# ==== INTERACTIVE CLUSTERING : ANNOTATION TIME STUDY ====
> ### Stage 1 : Modelize annotation time with Interactive Clustering Methodology and Plot some figures.

-----

## READ-ME BEFORE RUNNING

### Quick Description

This notebook is **aimed at modelize interactive clustering annotation time experiments**.
- Environments are represented by subdirectories in the `/experiments` folder.
- Each subdirectories of `/experiments` folder represents an annotation experiment with several annotators.

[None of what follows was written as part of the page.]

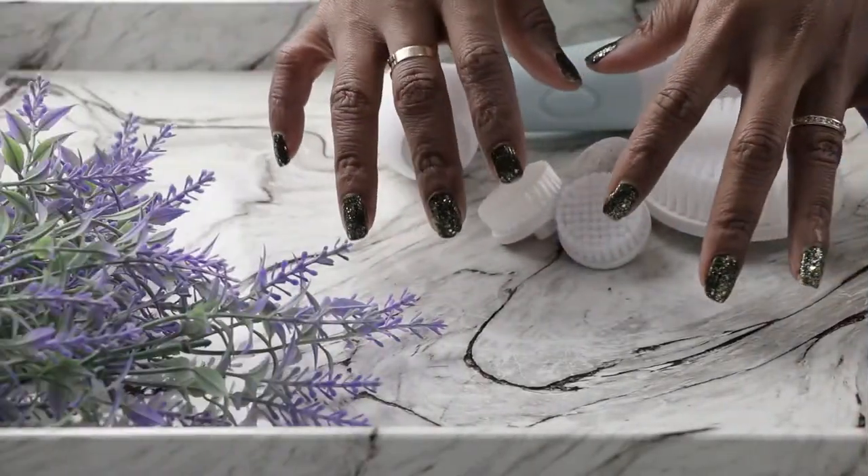Hey guys, welcome back to my channel. This is not a lipstick swatch video, so don't get too excited yet, but it's still a good one. Today I'm going to be talking about how I take care of my dry skin using the Duval Spin Care Radiance System. If you want to see that, stay tuned.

### Description each steps

First of all, **load experiment synthesis XLSX file** that have made during annotation experiment.
- It contains sessions of annotation for each annotator.
- Each session contains the number of constraints annotated and the time needed for it.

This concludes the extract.